Le système financier actuel a également préoccupé l’Experte indépendante sur la dette extérieure et les droits de l’homme, en particulier les droits économiques, sociaux et culturels qui a plaidé pour une « économie des droits humains » qui place les personnes et la planète au cœur des politiques économiques, des décisions d’investissement, des choix des consommateurs et des modèles économiques.
S’alarmant de l’état d’un monde où divers facteurs -emprunts insoutenables, dettes illégitimes et réformes du régime fiscal conditionnelles et dommageables- sapent les fondements du contrat social fiscal et la légitimité budgétaire entre les gouvernements et leurs citoyens, Mme Attiya Waris a proposé une réforme de l’architecture financière mondiale caractérisée par la mise en place d’une autorité fiscale mondiale, d’un système fiscal plus progressif et la création d’une autorité régionale indépendante de la dette.
Elle a également appelé à l’arrêt de tout soutien financier aux activités qui exacerbent la crise climatique et la réorientation des fonds pour soutenir les engagements climatiques.

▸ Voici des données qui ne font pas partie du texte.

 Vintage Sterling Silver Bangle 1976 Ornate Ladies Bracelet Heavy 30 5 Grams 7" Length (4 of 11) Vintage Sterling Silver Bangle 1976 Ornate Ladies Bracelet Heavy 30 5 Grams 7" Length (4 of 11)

Si les pays du monde entier, en particulier les économies en développement, sont confrontés à des difficultés pour adhérer au contrat social budgétaire et à la légitimité fiscale, cela est dû à un système financier international défaillant qui répercute ses défauts au niveau des pays, a affirmé l’Experte indépendante.
L’Experte a par ailleurs relevé que la dette ne se limite pas uniquement à la dette extérieure d’un pays mais concerne aussi la dette privée, laquelle n’est pas encadrée. Dans ce contexte, « le véritable problème est le marché »: même si vous payez votre dette, les agences de crédit peuvent considérer que c’est une mauvaise décision financière et augmenter votre taux de crédit, ce qui vous empêchera d’emprunter , s’est-elle inquiétée avant de recommander l’élaboration d’une convention fiscale qui inclurait les produits numériques, les flux financiers illicites et la fiscalité des super-riches.
À la suite de cet exposé, Cuba a souligné que la dette extérieure est l’obstacle essentiel au développement des pays du Sud. Ce devrait être aux États-Unis et à l’Union européenne, en tant que principaux créanciers, d’alléger ce fardeau et de favoriser le retour des fonds dans leurs pays d’origine, a estimé la Chine.
Valeurs marchandes et valeurs démocratiques
« Au lieu de l’émergence d’une communauté cosmopolite, nous assistons plutôt à une domination mondiale de l’économie sur la politique et des valeurs marchandes sur les valeurs démocratiques », a constaté l’Expert indépendant sur la promotion d’un ordre international démocratique et équitable.
Face à ces tendances, M. George Katrougalos a proposé une relance du dialogue Nord-Sud sur la démocratie et les droits humains, l’intégration de l’application des droits humains dans le système des Nations Unies, et l’utilisation de l’intelligence artificielle dans la promotion de la démocratie mondiale. Il faut également appuyer la participation des sociétés multinationales à la promotion d’un ordre international démocratique et équitable, et la protection des instances judiciaires internationales et nationales face aux pratiques autoritaires et antilibérales, a-t-il ajouté.
Pour l’Expert, l’enjeu principal, tant pour un ordre international démocratique que pour la sauvegarde du caractère démocratique des démocraties nationales, est de fixer des limites au pouvoir économique asymétrique international et transnational.
La Troisième Commission se réunira à nouveau demain, mardi 29 octobre, à partir de 10 heures.